Required action:
Look through the data below for the line with "Connie S Home" and the line with "Image 9 of 63 For 4411 53rd Court", then output those two and all lines in between, exactly as written.

Source material:
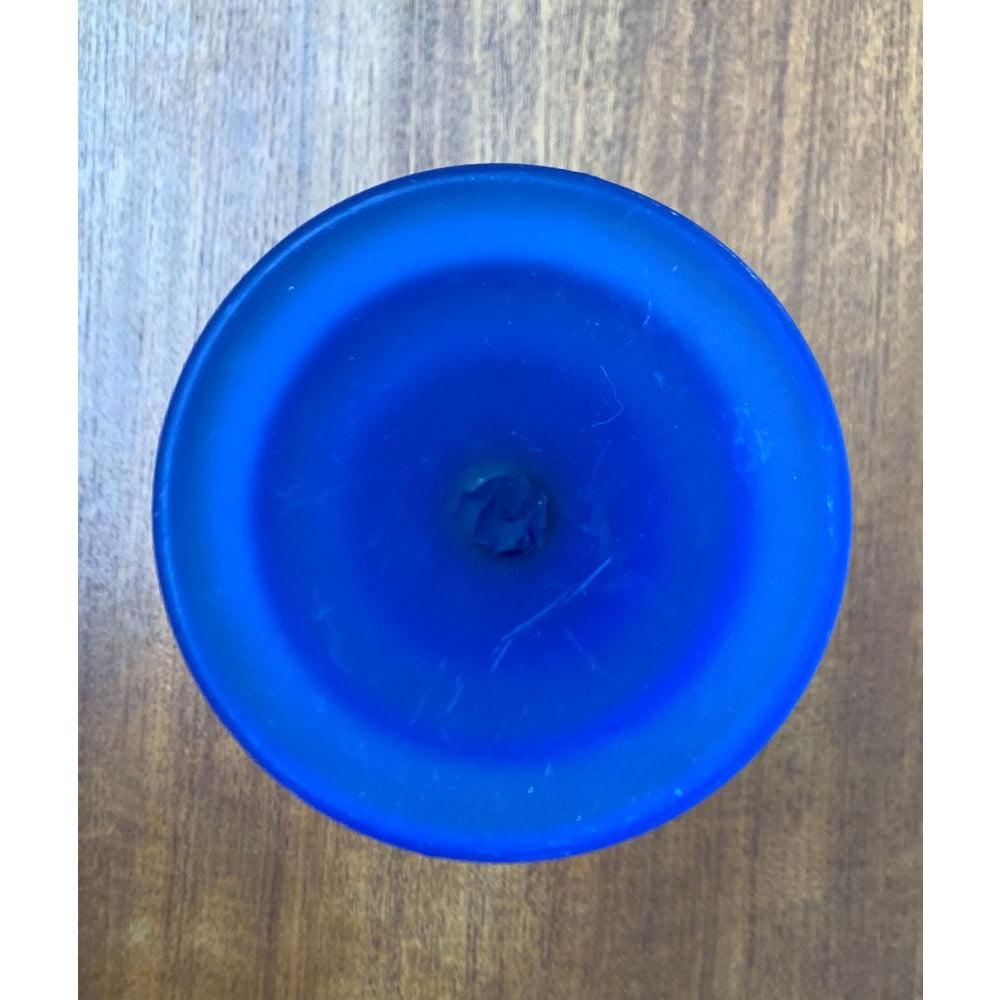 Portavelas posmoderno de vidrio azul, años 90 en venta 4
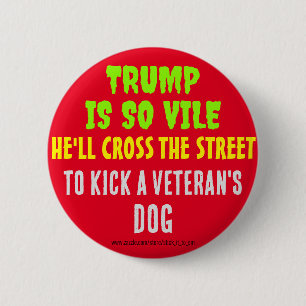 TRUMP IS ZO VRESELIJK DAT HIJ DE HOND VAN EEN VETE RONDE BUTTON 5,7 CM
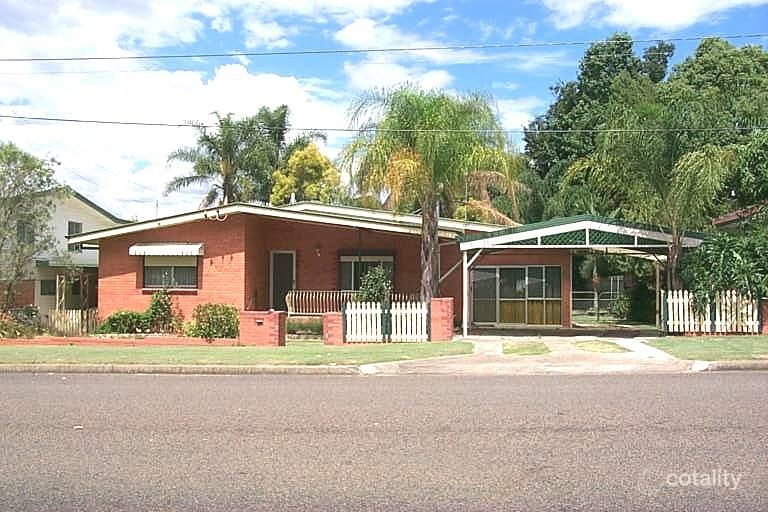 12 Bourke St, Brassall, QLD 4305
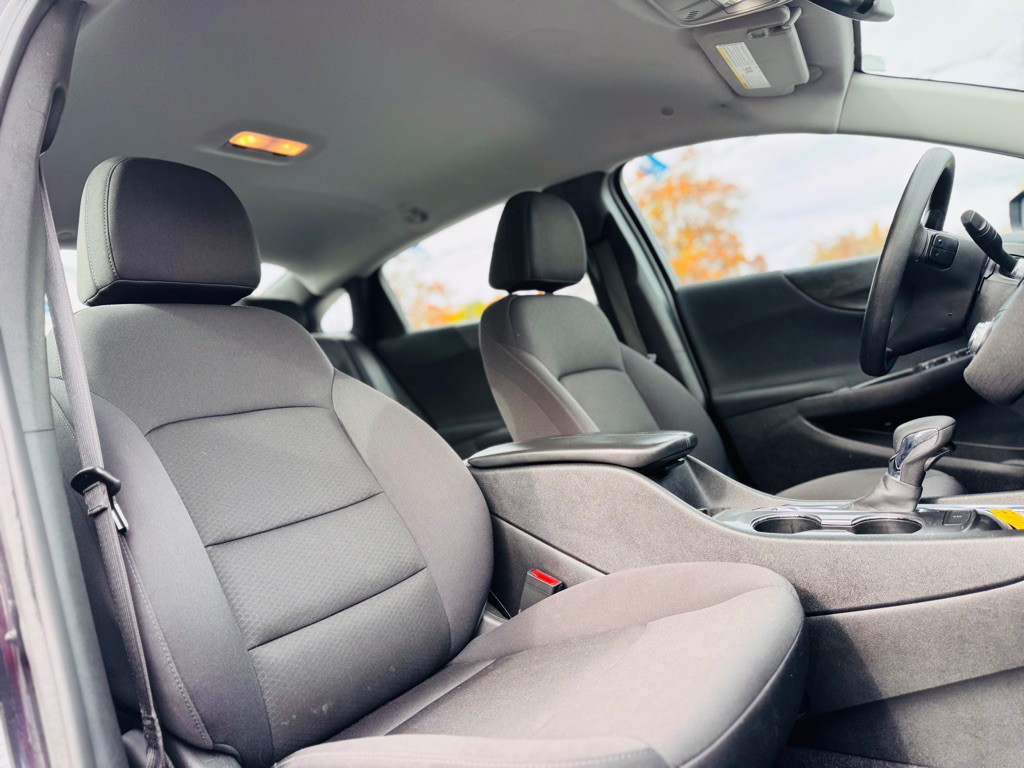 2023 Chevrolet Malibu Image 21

--

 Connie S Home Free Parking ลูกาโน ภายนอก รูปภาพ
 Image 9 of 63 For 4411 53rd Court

--

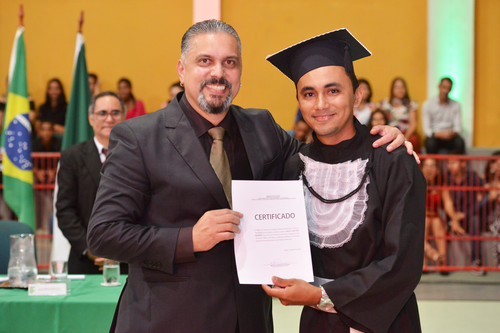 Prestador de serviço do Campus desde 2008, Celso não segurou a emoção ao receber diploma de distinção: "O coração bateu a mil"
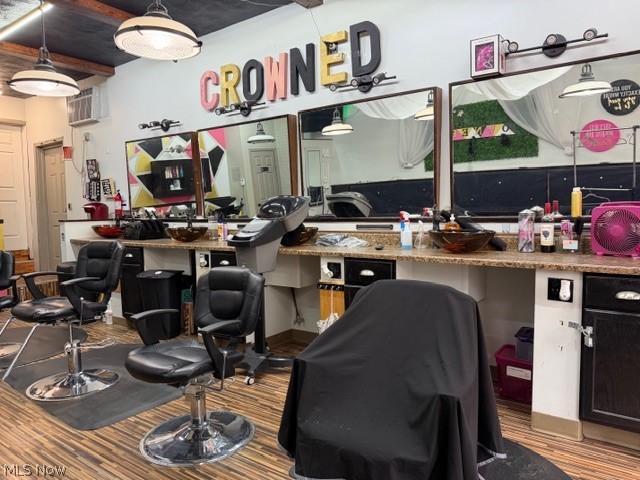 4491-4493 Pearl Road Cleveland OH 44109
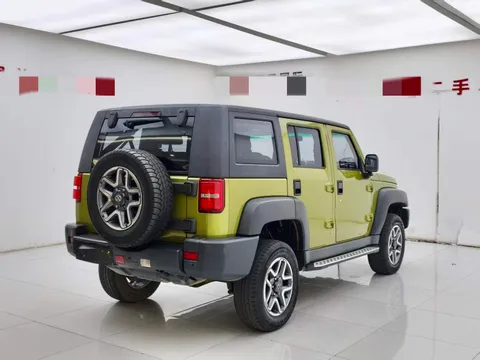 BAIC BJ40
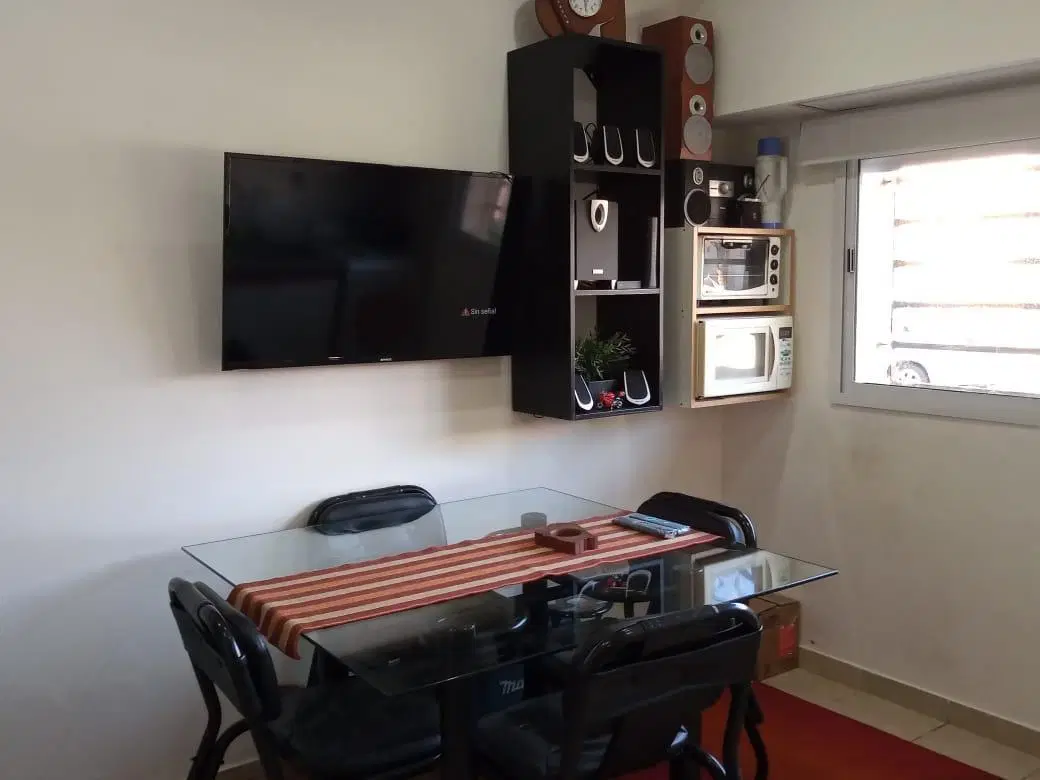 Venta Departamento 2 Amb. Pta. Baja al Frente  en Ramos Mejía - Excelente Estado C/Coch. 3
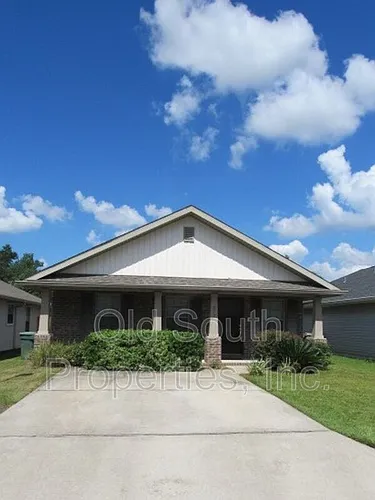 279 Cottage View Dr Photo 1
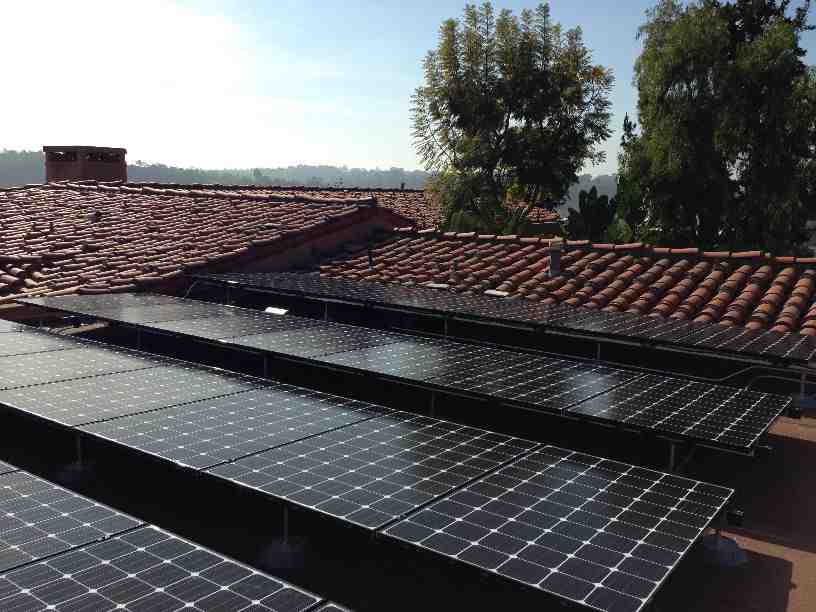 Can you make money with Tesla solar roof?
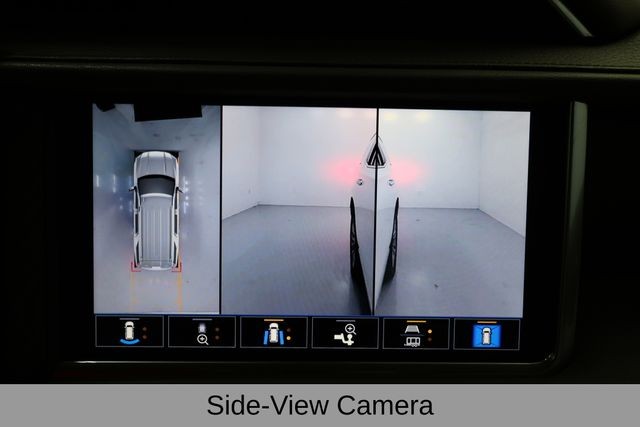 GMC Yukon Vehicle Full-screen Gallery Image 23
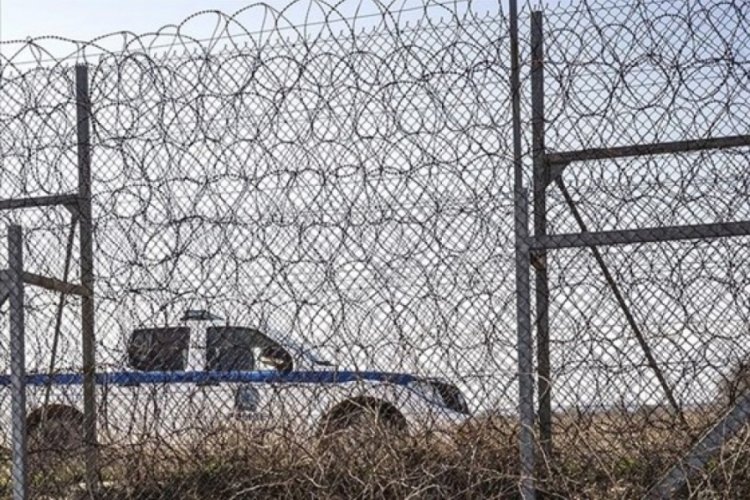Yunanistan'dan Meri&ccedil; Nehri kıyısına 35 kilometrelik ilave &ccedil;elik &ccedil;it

Task solution:
 Connie S Home Free Parking ลูกาโน ภายนอก รูปภาพ
 Image 9 of 63 For 4411 53rd Court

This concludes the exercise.